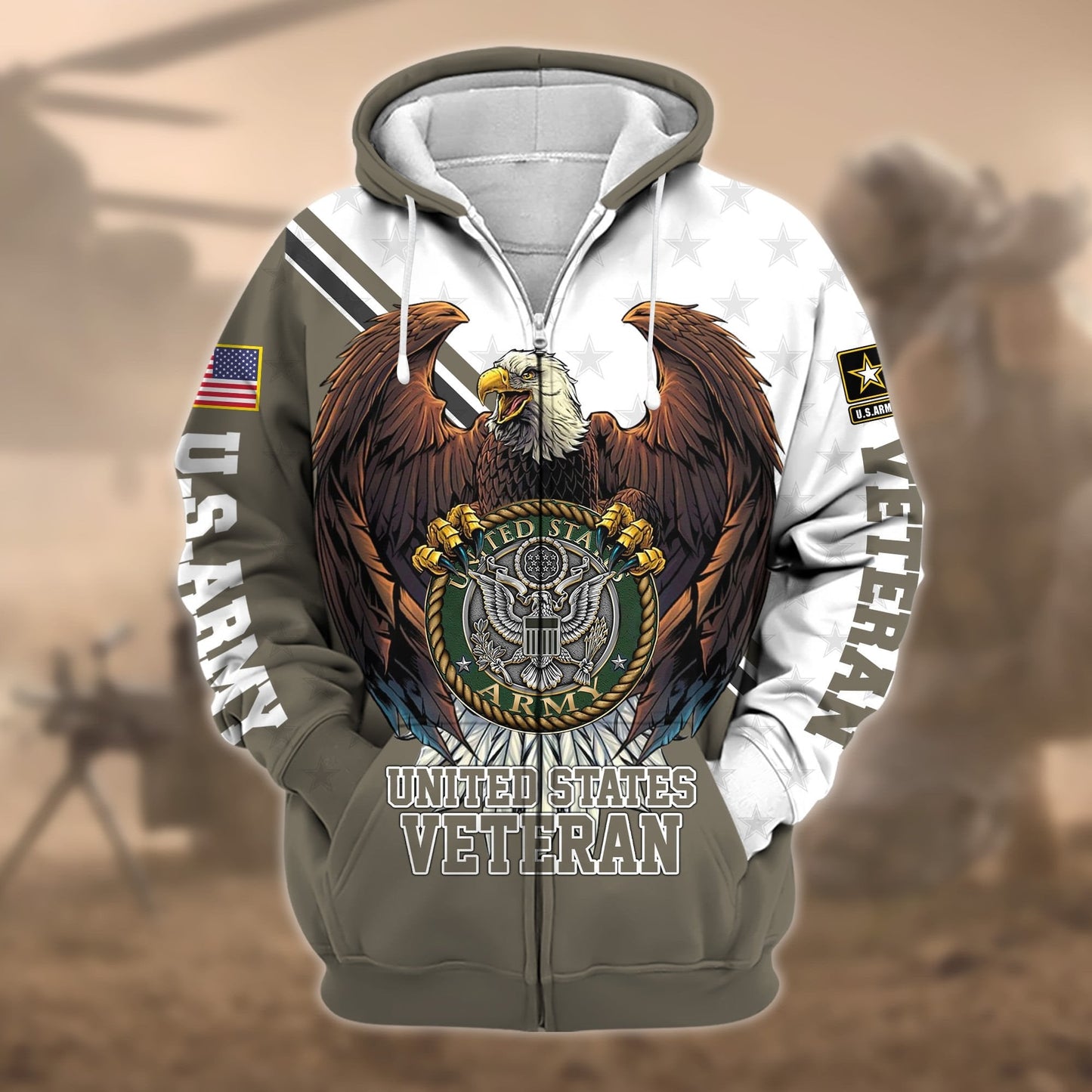 Frenzidea Premium Eagle US Veteran Zip Hoodie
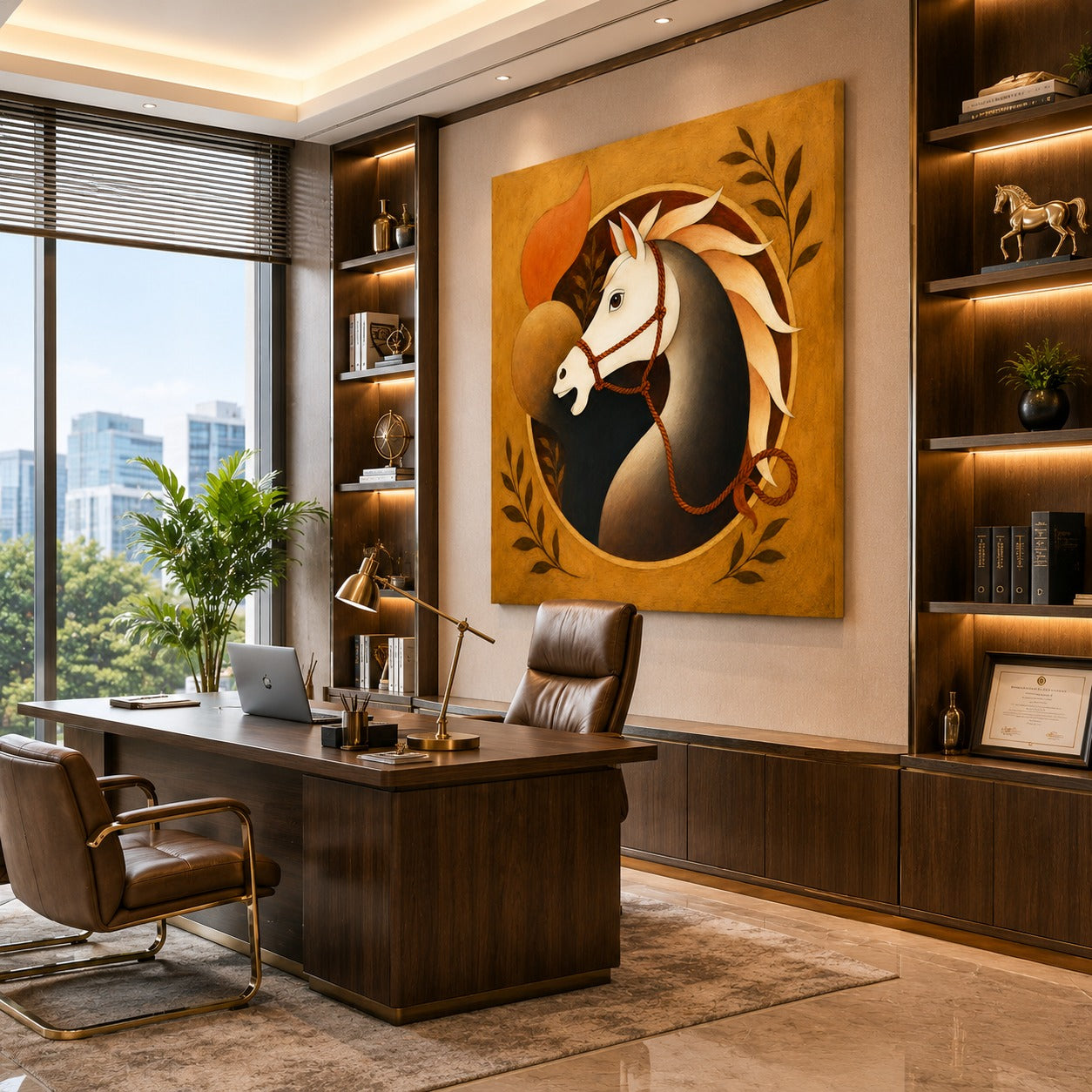 Majestic White Horse Canvas Painting – Modern Equine Wall Art | Luxury Golden Horse Artwork for Living Room & Dining Room Decor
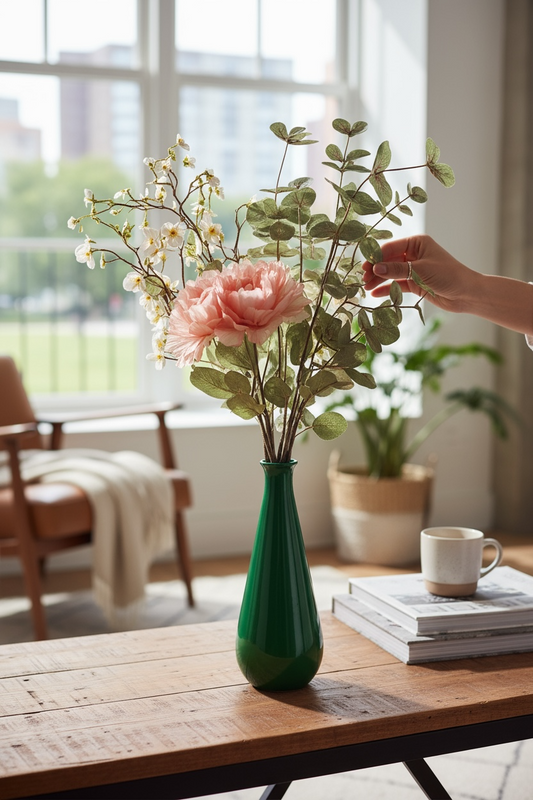 Green vase with pink flowers on a wooden table in a bright room.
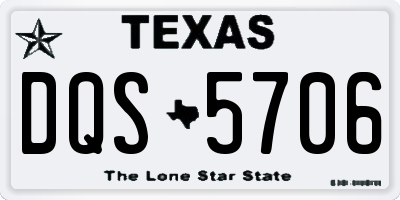 TX license plate DQS5706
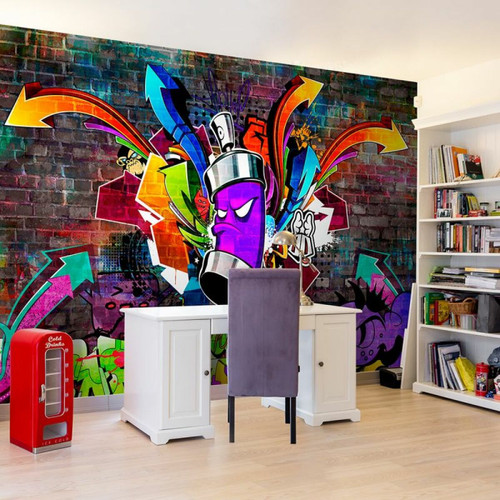Paris Prix - Papier Peint Graffiti : Colourful Attack 70 x 100 cm Paris Prix  - Revêtement mural intérieur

════

[Your goal]:
Please transcribe all of the entries word for word, with the pictures left out.

[Answer box]:
 Frenzidea Premium Eagle US Veteran Zip Hoodie
 Majestic White Horse Canvas Painting – Modern Equine Wall Art | Luxury Golden Horse Artwork for Living Room & Dining Room Decor
 Green vase with pink flowers on a wooden table in a bright room.
 TX license plate DQS5706
Paris Prix - Papier Peint Graffiti : Colourful Attack 70 x 100 cm Paris Prix  - Revêtement mural intérieur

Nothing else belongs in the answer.